During a forensic interview, however, the victim said Ainsworth-Hudson was responsible for a great deal of the abuse.
Pointing at his injuries, the boy told investigators that the defendant bit him several times, choked him, stomped on him, and told him: “shut up or I’ll beat you more.” On another occasion, the boy said, the woman used his own shirt to choke him while she was beating him with a spatula and telling the young child that no one liked him, court documents obtained by the Oklahoman said.
During the sentencing hearing, Oklahoma County District Court Judge Amy Palumbo consulted photo evidence, the newspaper reported. Directing her speech to the defendant as she reviewed an image, the judge said the boy’s body “literally looks like Swiss cheese.”
Palumbo added that the abuse “would horrify any parent.”
The judge would describe the sentence as the result of the defendant’s “systematic and ongoing bad decisions,” according to a courtroom report by Oklahoma City-based NBC affiliate KFOR. The judge reportedly said she spent some time reviewing, comparing, and contrasting the details of the case in order to reach her decision.

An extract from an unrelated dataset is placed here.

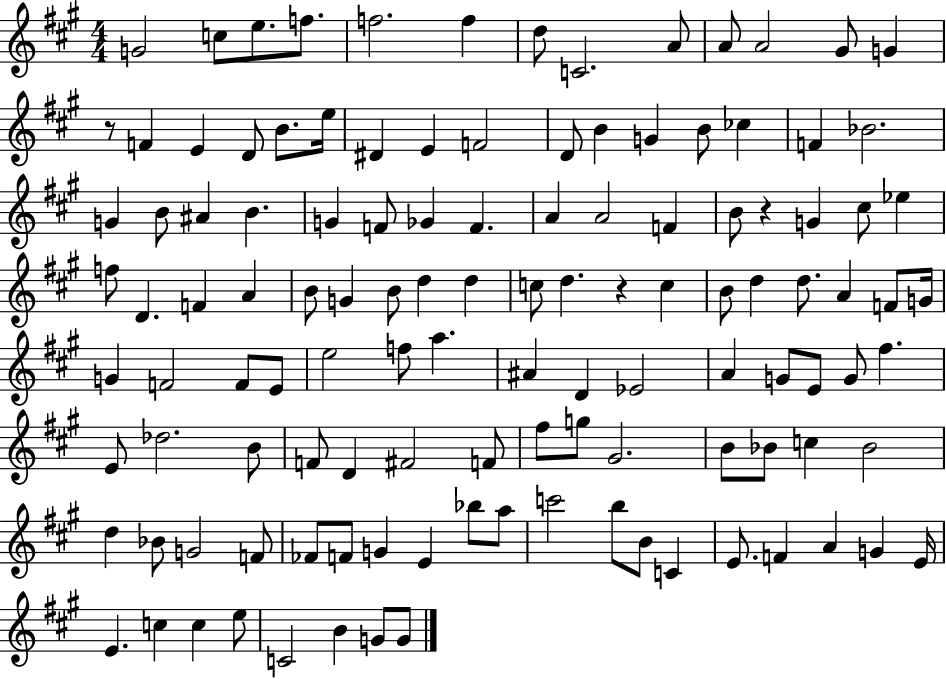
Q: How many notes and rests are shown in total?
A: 120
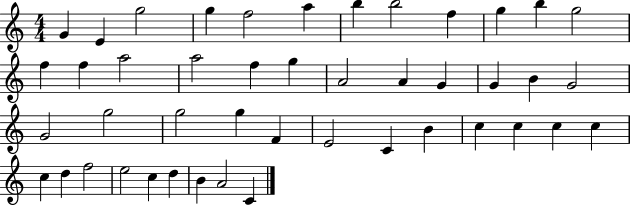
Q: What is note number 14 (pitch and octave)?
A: F5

Opinions were divided on the sentencing.
“I believe the decision that the judge made today was a just one and a fair one,” defense attorney Joy Miskel said in comments reported by the TV station. “Ms. Hudson was very young when this happened. She’s grown up a lot, and I think she’s understood the errors of her ways. I don’t think she’s going to come out and re-offend whatsoever.”

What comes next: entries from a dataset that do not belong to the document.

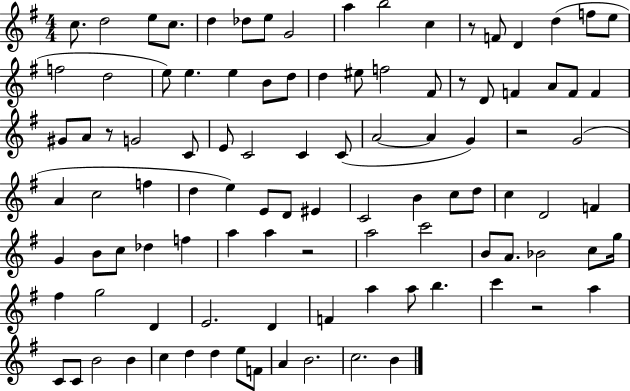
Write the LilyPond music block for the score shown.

{
  \clef treble
  \numericTimeSignature
  \time 4/4
  \key g \major
  c''8. d''2 e''8 c''8. | d''4 des''8 e''8 g'2 | a''4 b''2 c''4 | r8 f'8 d'4 d''4( f''8 e''8 | \break f''2 d''2 | e''8) e''4. e''4 b'8 d''8 | d''4 eis''8 f''2 fis'8 | r8 d'8 f'4 a'8 f'8 f'4 | \break gis'8 a'8 r8 g'2 c'8 | e'8 c'2 c'4 c'8( | a'2~~ a'4 g'4) | r2 g'2( | \break a'4 c''2 f''4 | d''4 e''4) e'8 d'8 eis'4 | c'2 b'4 c''8 d''8 | c''4 d'2 f'4 | \break g'4 b'8 c''8 des''4 f''4 | a''4 a''4 r2 | a''2 c'''2 | b'8 a'8. bes'2 c''8 g''16 | \break fis''4 g''2 d'4 | e'2. d'4 | f'4 a''4 a''8 b''4. | c'''4 r2 a''4 | \break c'8 c'8 b'2 b'4 | c''4 d''4 d''4 e''8 f'8 | a'4 b'2. | c''2. b'4 | \break \bar "|."
}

A family member took the opposite perspective.
“[The children] were withheld from food and drink [and] they were subjected to beatings everywhere,” cousin Jamie Solis Douglas said, KFOR reported. “How could a biological or step parent at all lay their hands continuously over and over and over on a 9-year-old and a 6-year-old. [She is] a monster, just a horrible, horrible monster and a very egregious person all around.”

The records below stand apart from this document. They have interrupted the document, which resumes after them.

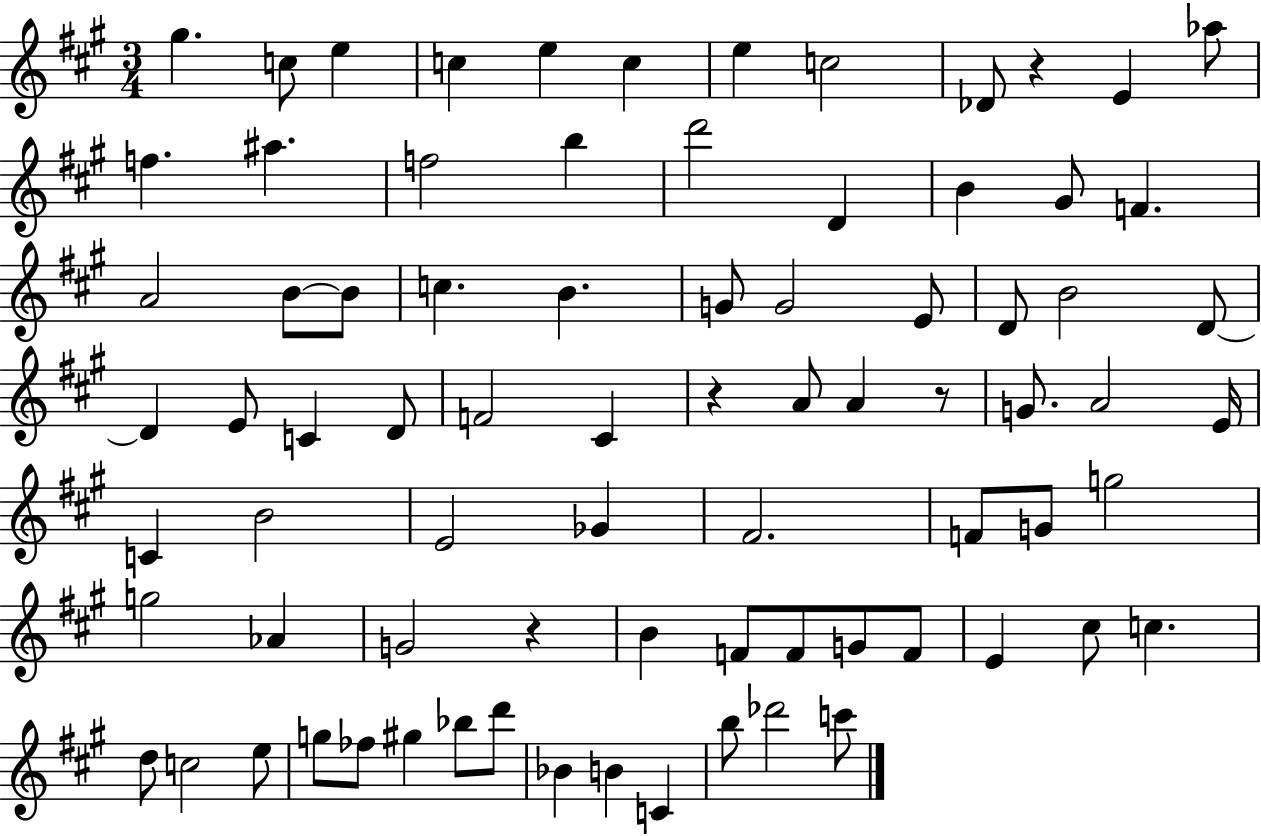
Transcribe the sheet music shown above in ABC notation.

X:1
T:Untitled
M:3/4
L:1/4
K:A
^g c/2 e c e c e c2 _D/2 z E _a/2 f ^a f2 b d'2 D B ^G/2 F A2 B/2 B/2 c B G/2 G2 E/2 D/2 B2 D/2 D E/2 C D/2 F2 ^C z A/2 A z/2 G/2 A2 E/4 C B2 E2 _G ^F2 F/2 G/2 g2 g2 _A G2 z B F/2 F/2 G/2 F/2 E ^c/2 c d/2 c2 e/2 g/2 _f/2 ^g _b/2 d'/2 _B B C b/2 _d'2 c'/2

In February, Hudson pleaded guilty to one count of felony child abuse. He was sentenced to one year in the Oklahoma County jail – which is reportedly a worse lockup than the state prison – with credit for time served, and 20 years of probation.
Ainsworth-Hudson entered a blind plea on her felony child abuse charge – leaving the judge latitude in sentencing.
The judge mused during the sentencing hearing that things could have easily gotten far worse in the Hudson house.
“I have no idea what kind of charges you and he would’ve been facing,” if police had not turned around that pivotal day and eventually searched the washing machine, Palumbo said.